[TASK PROMPT] The required result is an exact copy of the lines from the one containing "Main picture of 303 S Hilton St" to the last line of the records, both ends included, without pictures.

(Short descriptive text snippets)
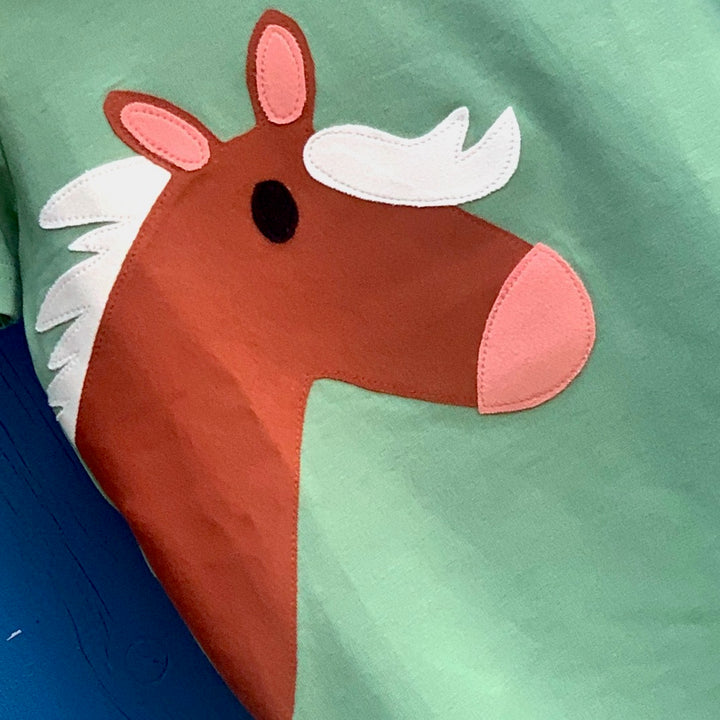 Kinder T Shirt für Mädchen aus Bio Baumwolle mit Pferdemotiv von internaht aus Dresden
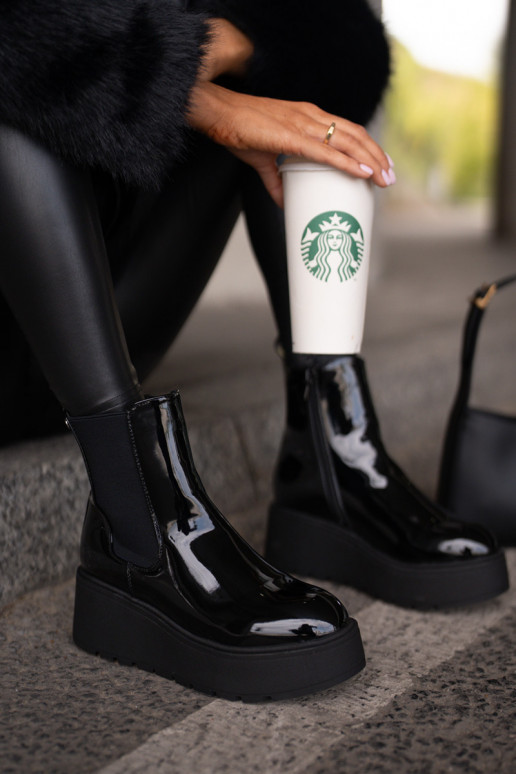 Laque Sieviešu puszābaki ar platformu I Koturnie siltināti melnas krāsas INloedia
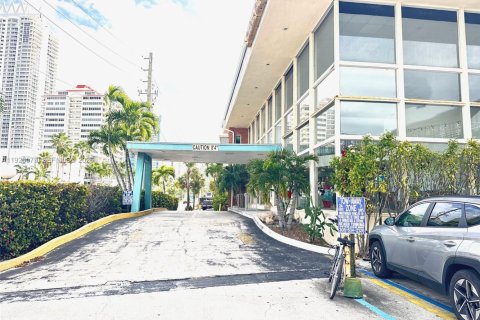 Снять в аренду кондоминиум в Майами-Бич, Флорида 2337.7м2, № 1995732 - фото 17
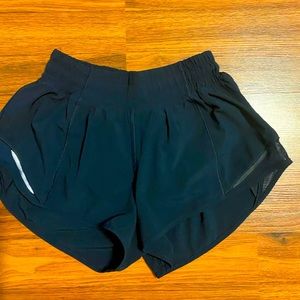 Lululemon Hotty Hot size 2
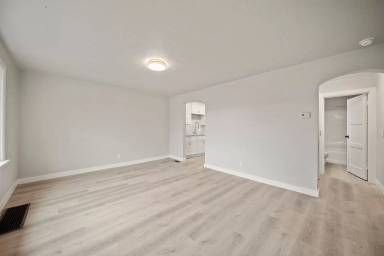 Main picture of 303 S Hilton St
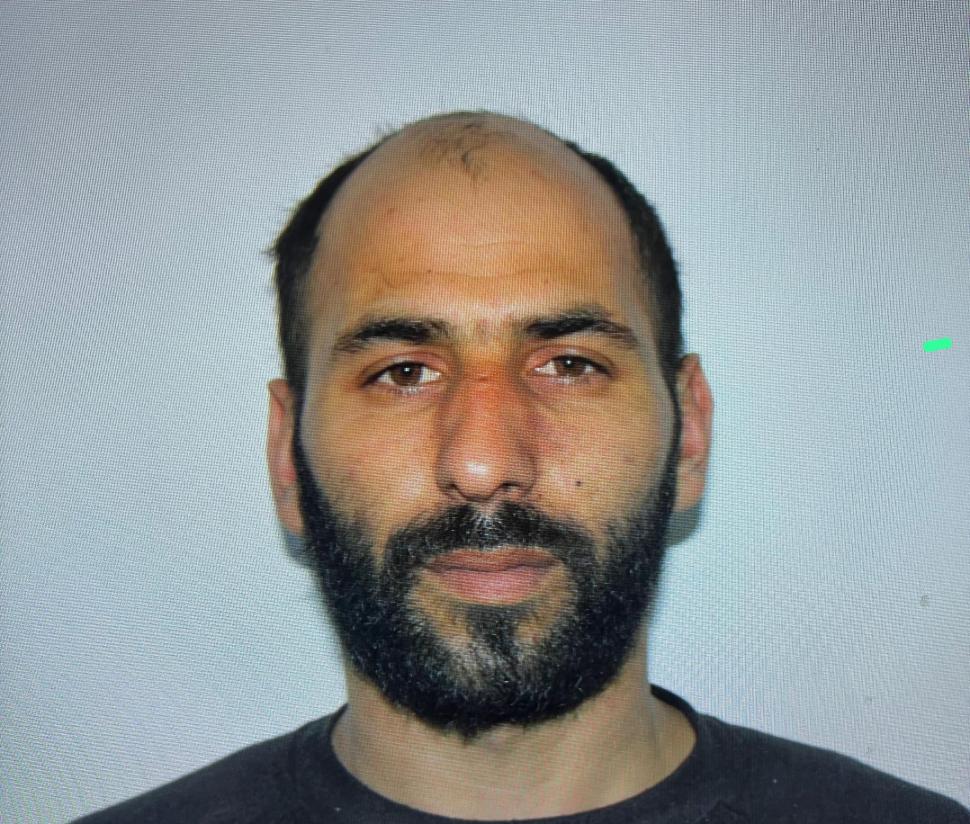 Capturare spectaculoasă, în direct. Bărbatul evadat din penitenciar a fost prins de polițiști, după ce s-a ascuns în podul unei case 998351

[RESPONSE BELOW]
 Main picture of 303 S Hilton St
 Capturare spectaculoasă, în direct. Bărbatul evadat din penitenciar a fost prins de polițiști, după ce s-a ascuns în podul unei case 998351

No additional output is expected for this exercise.